I think the most fascinating chunk of the book for me was the part on “cultivating relationships,” even though I didn’t necessarily come away with any action items. Her first sentence of that chapter is not news: “If we look back at the past two centuries of research in sociology and psychology, the single strongest finding about our well-being is that our health, happiness, and longevity are best predicted by the breadth and depth of our positive social connections . . . .” But she shared some interesting findings about the dorsomedial prefrontal cortex, the social thinking part of our brain (also called the “default system” because it’s literally our brain’s default) that I was not familiar with. We moved to the mountains for many reasons — the natural beauty, cost of living, and reduced consumer culture, chief among them — but in doing so, we also moved away from some of our closest social connections.
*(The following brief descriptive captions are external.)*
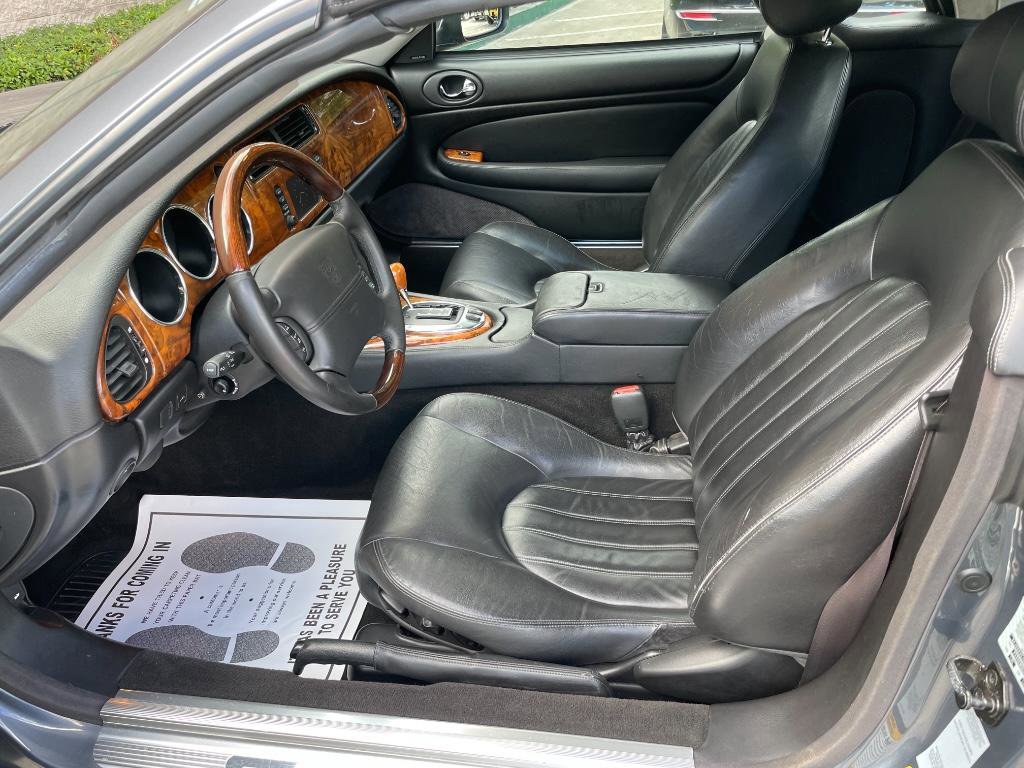 Used 2005 Jaguar XK8 Convertible image 23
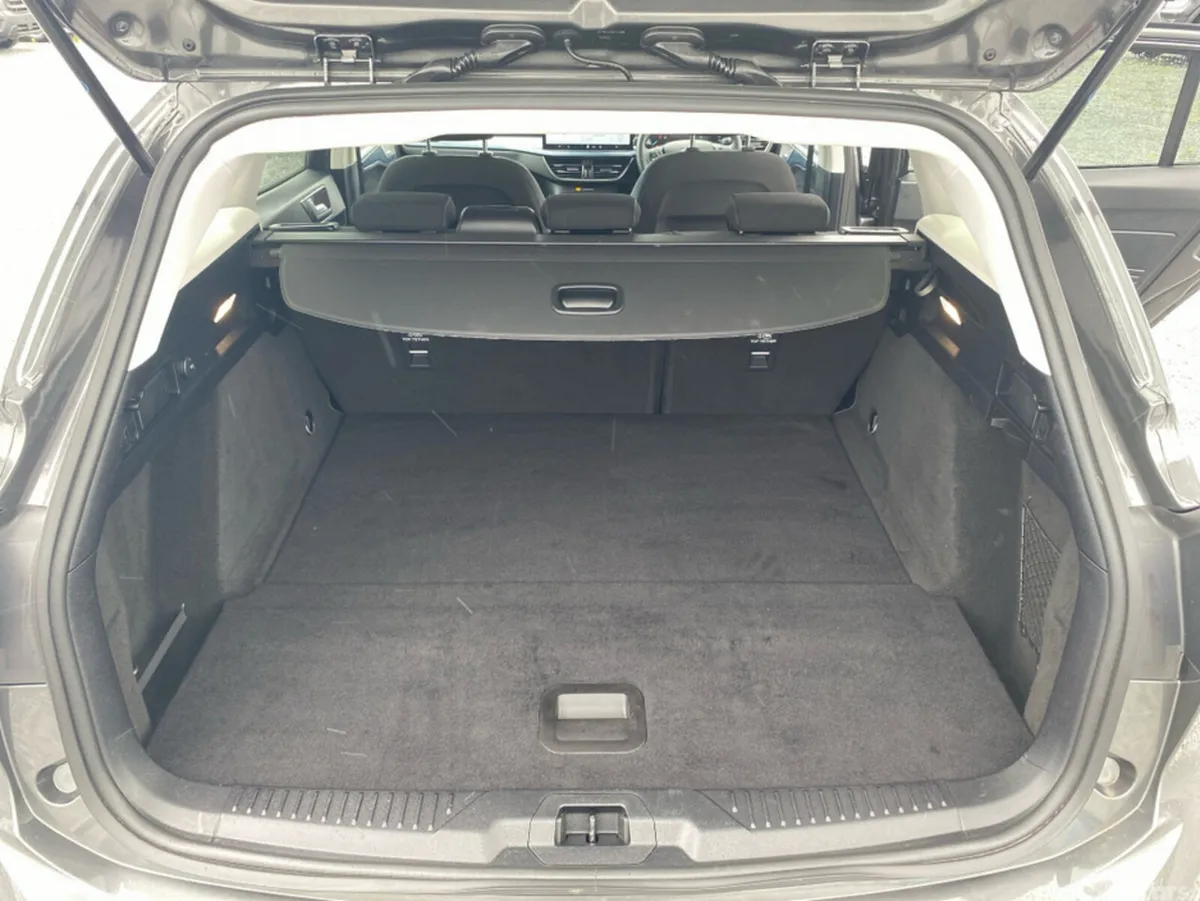 Ford Focus Estate, Petrol, 2024, Grey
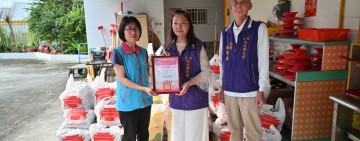 吉安鄉九天紫元宮捐助物資照顧弱勢  鄉長游淑貞感謝宗教濟世助人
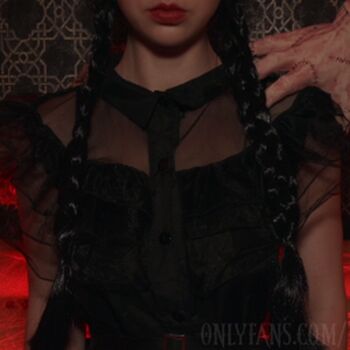 Full leaked Mini diva page private onlyfans photo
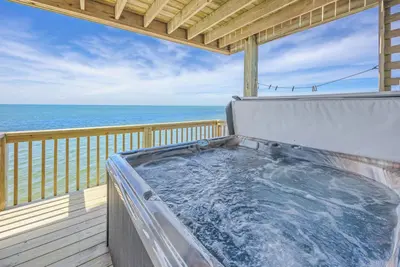 Image de Summer Savings - Soundfront Home w/ Hot Tub, Launch Dock, and Windsports Access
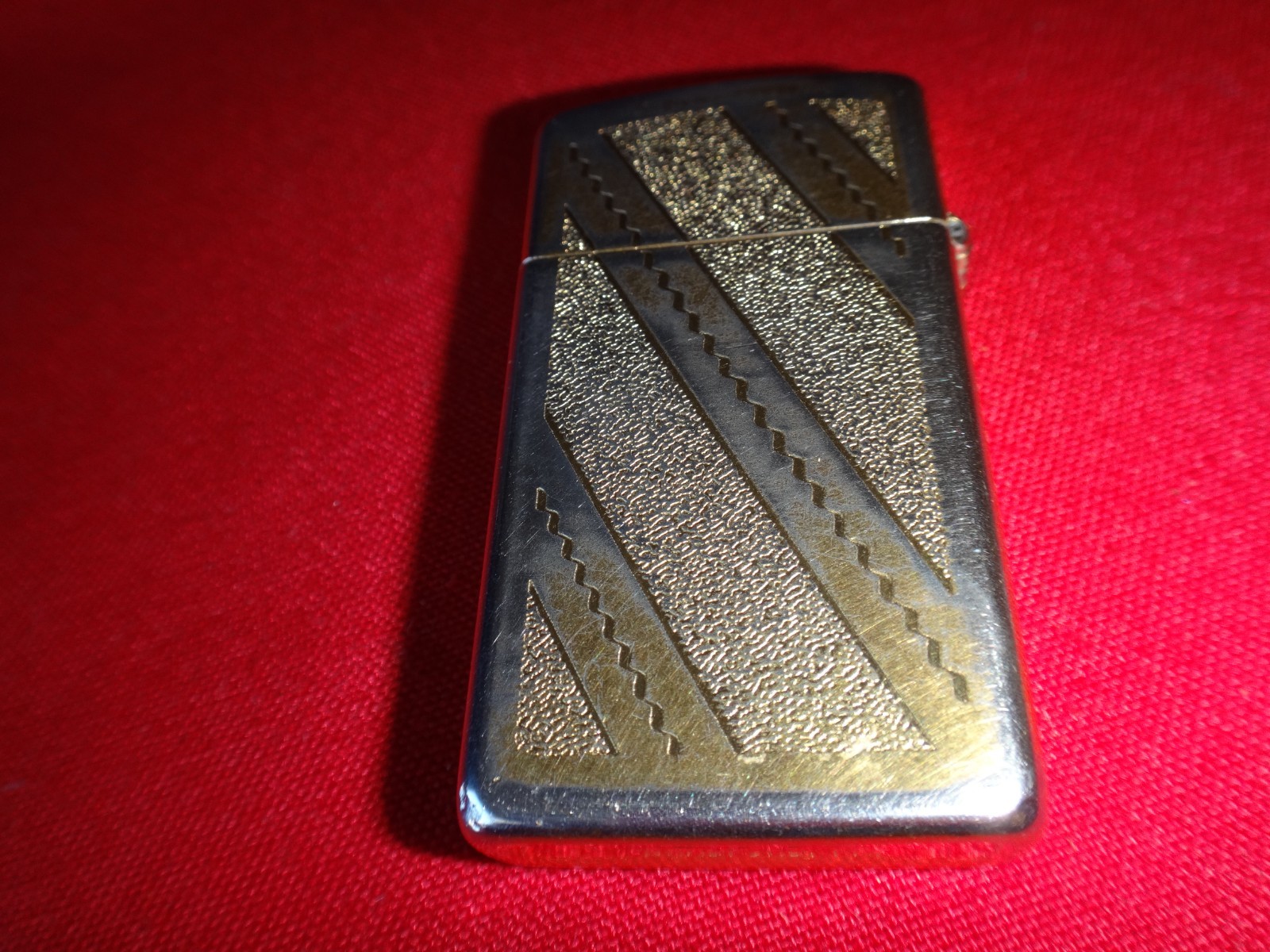 Vintage Year 1985 Zippo Slim Lighter with US MARINE decal sticker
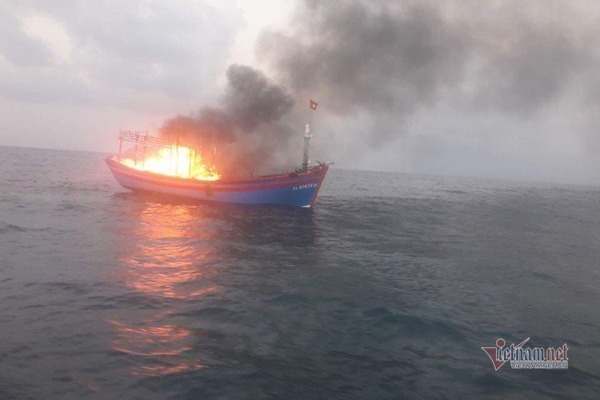 Tàu cá bốc cháy trên biển, 7 thuyền viên may mắn được cứu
While we’ve made new ones up here, it’s hard to replace family, and reading study after study about social ties has got me reexamining some of our biggest decisions through that lens.
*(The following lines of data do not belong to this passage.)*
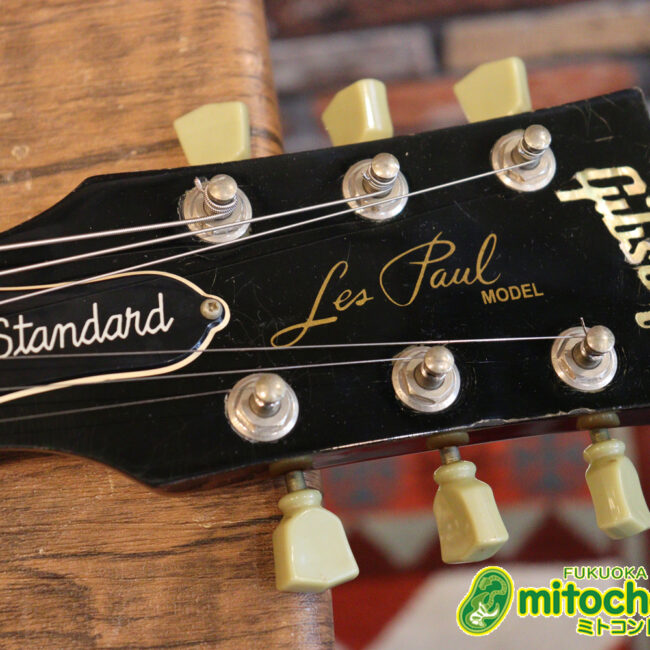 ボディートップがキルトメイプルっぽい木目のレスポールスタンダードです！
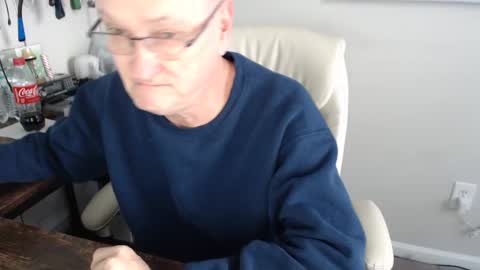 Snapshot of millenium0129 chatting on 02/19/25, 06:32 millenium0129 online show from 02/19/25, 06:32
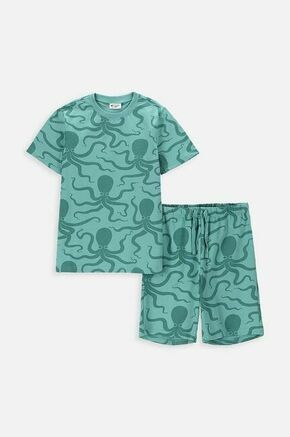 Otroška bombažna pižama Coccodrillo zelena barva - zelena. Otroški pižama iz kolekcije Coccodrillo. Model izdelan iz vzorčaste pletenine. Izjemno udobna tkanina z visoko vsebnostjo bombaža.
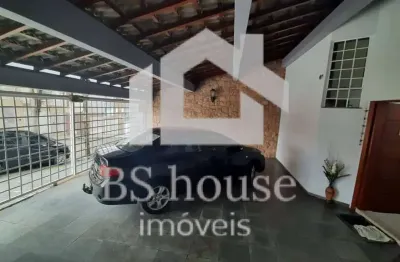 Casa com 3 quartos à venda na Rua Paranapiacaba, Vila Pires, Santo André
So, another self-help book? Heck yeah.

April 3, 2012

Last week

I had high hopes for last week, getting things done and whatnot, since I was finally feeling a bit less fatigued (just a baby bit, but still).  But a couple of curveballs came my way, and I once again felt like I was “(still not) getting things done” (but Neal has all but forbidden me to write anymore posts with that title or any variation thereof . . . I was headed straight for “(definitely still not) getting things done” and “(absolutely, positively still not) getting things done” so consider yourselves lucky that Neal intervened).
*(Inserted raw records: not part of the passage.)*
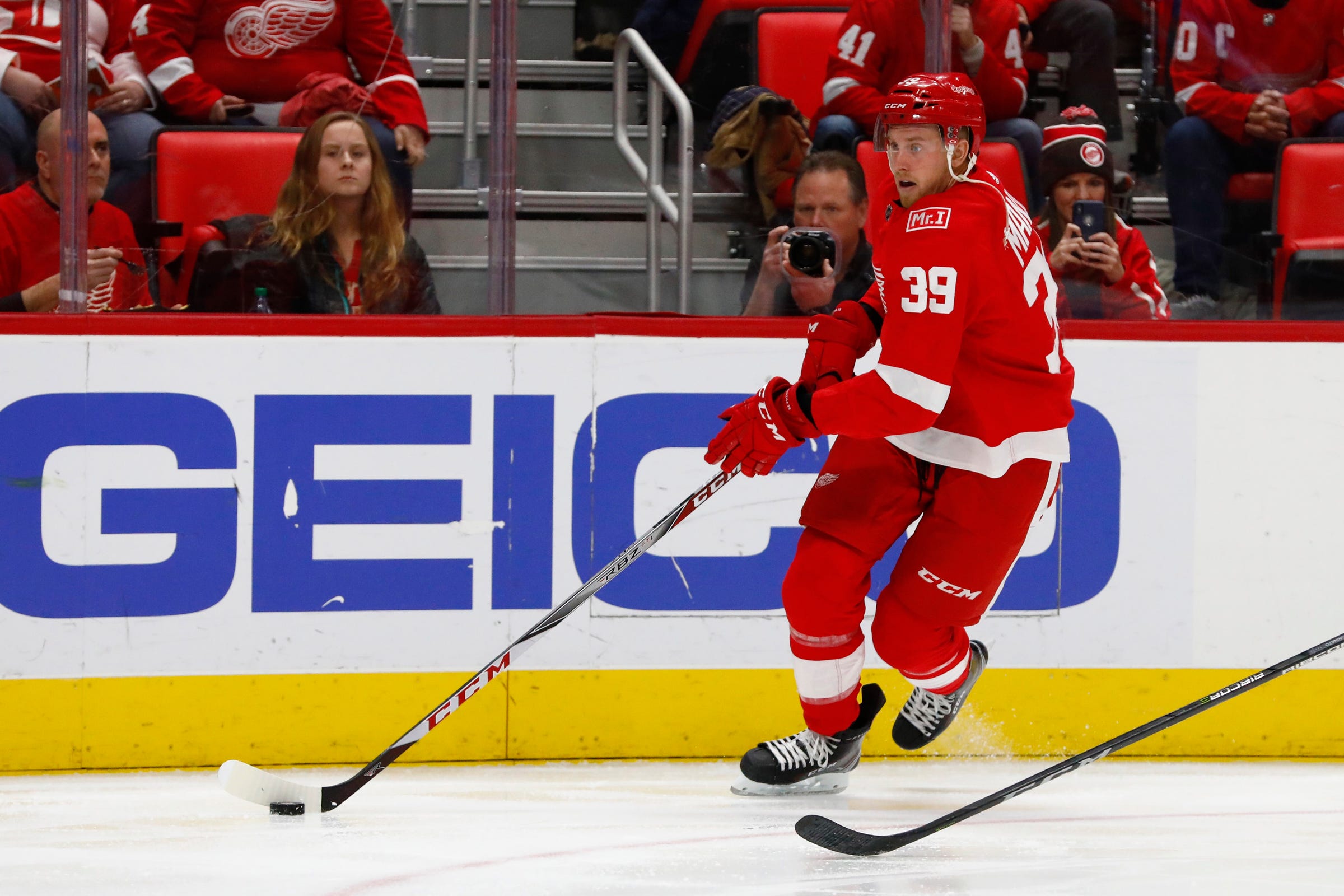 Red Wings&apos; Jeff Blashill challenges Anthony Mantha &apos;to be way better&apos;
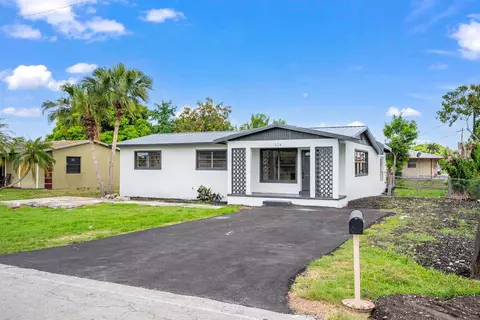 224 NW 14th St, Belle Glade, FL 33430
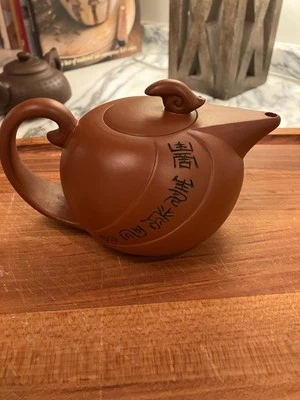 Hermosa tetera Yixing “La fortuna llena el universo” Foto 1 de 4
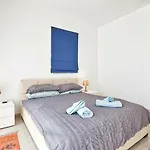 Hv12 - Sea Front Penthouse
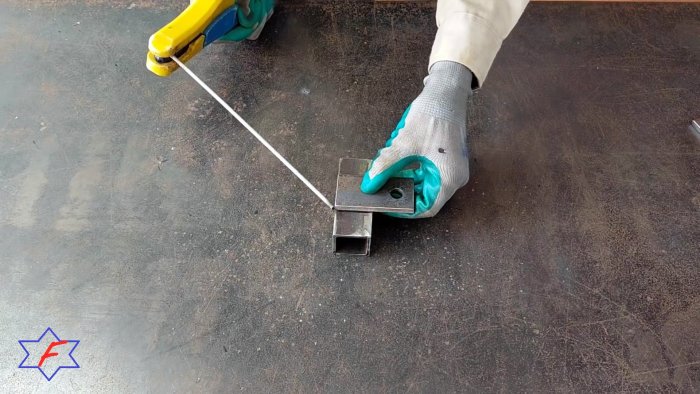 Очень простой сверлильный станок из самых доступных материалов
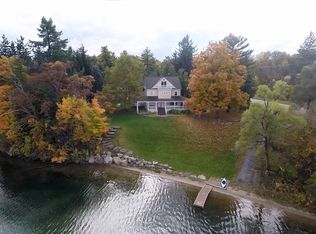 7530 Maceday Lake Rd, Waterford, MI 48329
One of the more enjoyable curveballs (that I threw myself) was getting totally sucked in to a new blog.  Generally, I don’t read blogs written by people I don’t know.  Other than the 2009 Reality Steve debacle and a few personal finance blogs, I mostly consider blog-reading as a kind of relationship maintenance.  So even though I’ll follow facebook links and occasionally link-hop from friends’ blogs, I usually stick to people I know.  Until Friday . . . when I link-hopped to A Blog about Love.  I’m not entirely sure why I got sucked in by this blog and not so many others I’ve hopped around to over the years, but I spent more than a few hours reading their entire Love Story — which, spoiler alert, involved getting set up via email after both had been left by their previous spouses.  I got so sucked in by their email exchanges that when Neal came home to swap the car about 15 minutes before I had a meeting, I was still in bed in my bathrobe.  But it was a fun escape, so good for me!  And good for Mara and Danny Kofoed, whoever they are.  I even took the unlikely step of adding them to my Google Reader; I’m too invested to not find out how their first in-person meeting went!

The other curveballs I’m going to skim over because they’re not nearly as fun as Mara and Danny.  But one involved potentially losing all my hours of work on our taxes (computer problems), which led to one of the poutier hours of my entire adult life.  I’m not proud of that fact, but I think it was good to realize how at-the-end-of-my-rope I have been over the last few weeks since I couldn’t face potential data loss with anything resembling equanimity.  After a million silent prayers and a tender mercy or two, a kind neighbor helped me recover my data and thankfully, I got the taxes signed, sealed, and delivered this weekend.

And now we’re in Bakersfield.  Neal and my parents are helping Chris and Marisha put in a backyard, while I ostensibly watch the three little girls (which yesterday involved me falling asleep on the floor and awakening to find that I had lost little Evie).  I just can’t seem to kick this chronic fatigue/fibromyalgia flare-up despite rest, sleep, duty-shirking, etc.  But if anything can help, it should be three kid-free days at the Sanctuary Beach Resort.  Happy 5th anniversary to me and my Neal!